* _Task directions_
Look through the records below for the line with "U.S.-Latin American Relations, 4th Edition" and the line with "suffer without Happy", then return those lines and all lines between, exactly.
▬▬▬
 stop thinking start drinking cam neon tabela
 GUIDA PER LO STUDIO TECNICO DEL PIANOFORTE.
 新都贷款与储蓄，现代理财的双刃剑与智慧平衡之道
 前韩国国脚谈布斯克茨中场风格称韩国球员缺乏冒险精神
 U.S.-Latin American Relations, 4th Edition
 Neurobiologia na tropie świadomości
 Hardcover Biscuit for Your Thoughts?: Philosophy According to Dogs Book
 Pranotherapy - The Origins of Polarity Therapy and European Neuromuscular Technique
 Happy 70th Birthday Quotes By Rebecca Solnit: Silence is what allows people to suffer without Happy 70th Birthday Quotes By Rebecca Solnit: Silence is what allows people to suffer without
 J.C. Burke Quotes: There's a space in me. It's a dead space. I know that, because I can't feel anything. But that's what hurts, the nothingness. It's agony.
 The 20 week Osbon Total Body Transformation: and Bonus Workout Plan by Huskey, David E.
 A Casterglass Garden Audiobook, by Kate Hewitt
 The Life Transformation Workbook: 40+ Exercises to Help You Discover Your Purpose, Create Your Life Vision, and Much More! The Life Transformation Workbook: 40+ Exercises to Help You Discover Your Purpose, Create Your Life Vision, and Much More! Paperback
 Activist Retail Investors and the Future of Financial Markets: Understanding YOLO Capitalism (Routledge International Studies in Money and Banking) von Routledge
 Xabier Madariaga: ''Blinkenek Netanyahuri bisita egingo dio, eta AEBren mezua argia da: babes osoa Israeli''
▬▬▬
* _Response_
 U.S.-Latin American Relations, 4th Edition
 Neurobiologia na tropie świadomości
 Hardcover Biscuit for Your Thoughts?: Philosophy According to Dogs Book
 Pranotherapy - The Origins of Polarity Therapy and European Neuromuscular Technique
 Happy 70th Birthday Quotes By Rebecca Solnit: Silence is what allows people to suffer without Happy 70th Birthday Quotes By Rebecca Solnit: Silence is what allows people to suffer without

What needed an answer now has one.